**Task material**:
· · · · · · ·

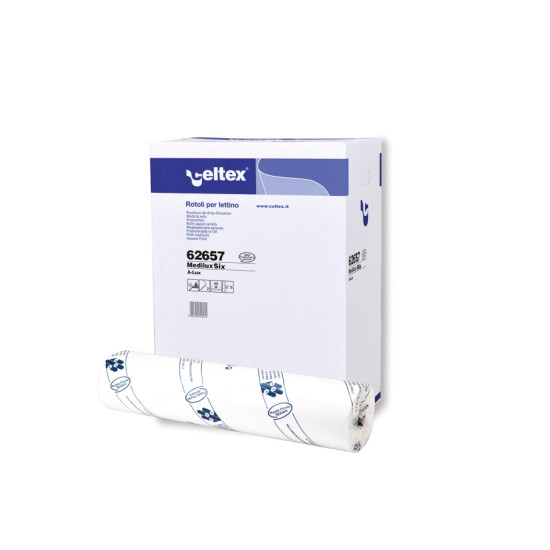 Sanitārie pārklāji Celtex Medilux Six, 60cm x 50m, balti, 2-kārt., 9gab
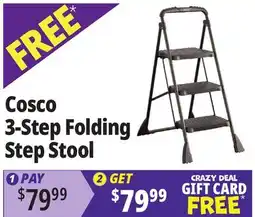 Ocean State Job Lot Cosco 3-Step Folding Step Stool offer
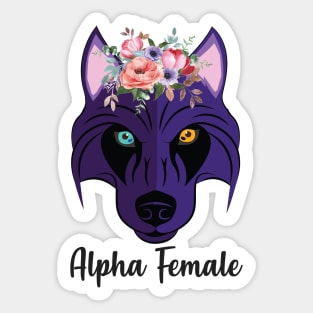 Wolf Husky Heterochromia Alpha Women Purple Feminism Strong Sticker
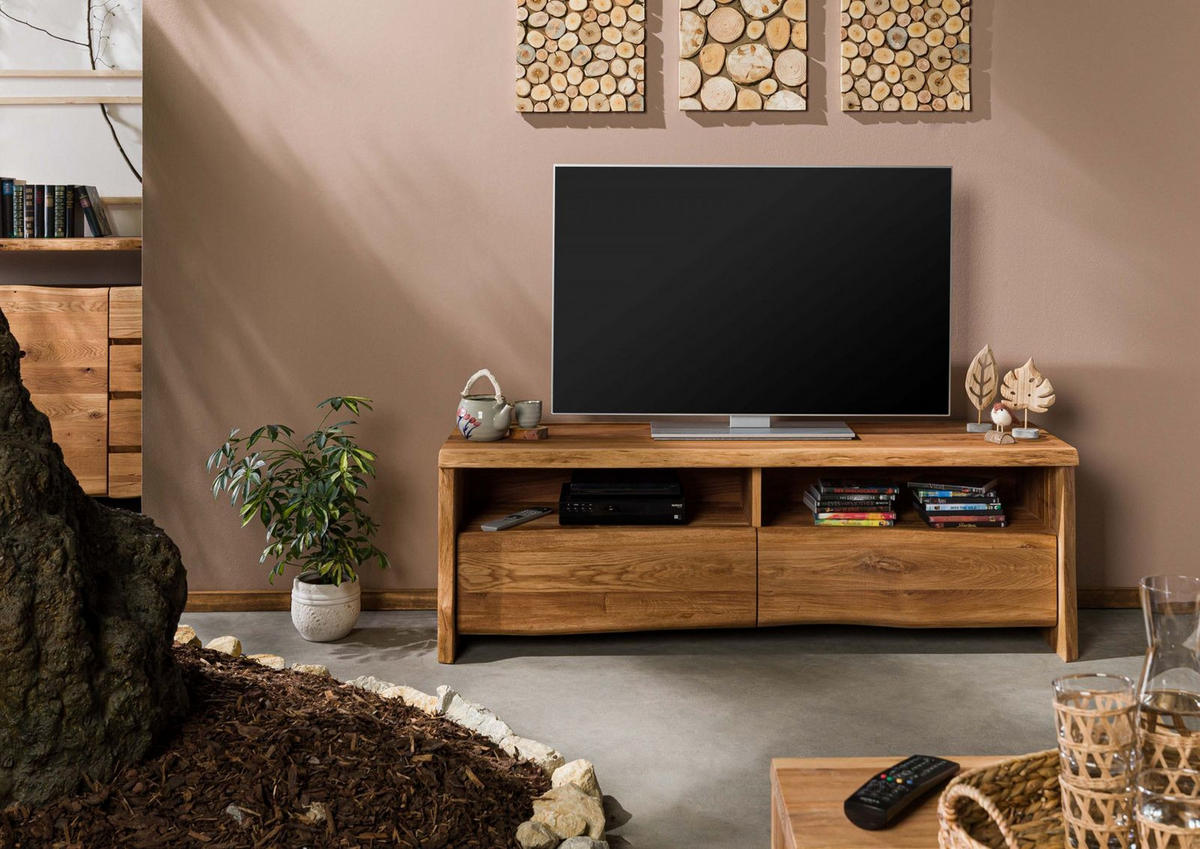 TV-BOARD Wildeiche 151x45x50 natur geölt PURE OAK #108 - Naturfarben, Holz (151/50/45cm) - Massivmoebel24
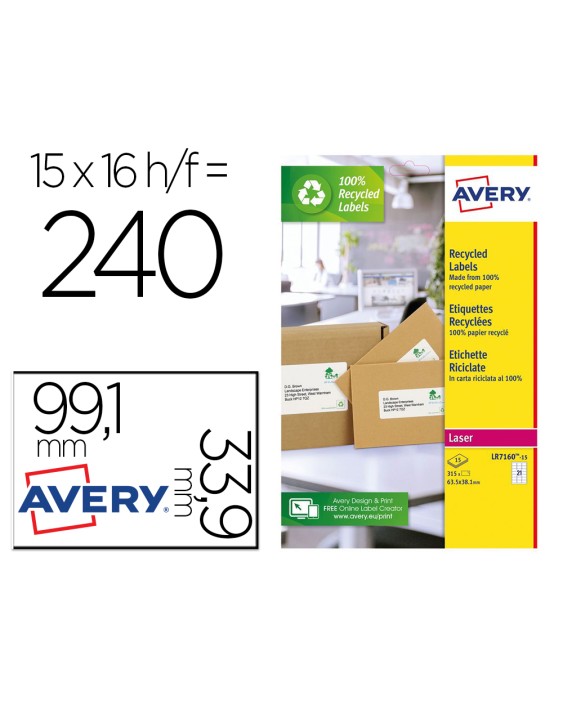 Etiqueta adhesiva avery blanca permanente reciclada 100% laser 99,1x33,9 mm caja de 240 unidades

· · · · · · ·

**Task to complete**: Type the entries above out again exactly, with no pictures.

**Response to this exercise**:
 Sanitārie pārklāji Celtex Medilux Six, 60cm x 50m, balti, 2-kārt., 9gab
 Ocean State Job Lot Cosco 3-Step Folding Step Stool offer
 Wolf Husky Heterochromia Alpha Women Purple Feminism Strong Sticker
 TV-BOARD Wildeiche 151x45x50 natur geölt PURE OAK #108 - Naturfarben, Holz (151/50/45cm) - Massivmoebel24
 Etiqueta adhesiva avery blanca permanente reciclada 100% laser 99,1x33,9 mm caja de 240 unidades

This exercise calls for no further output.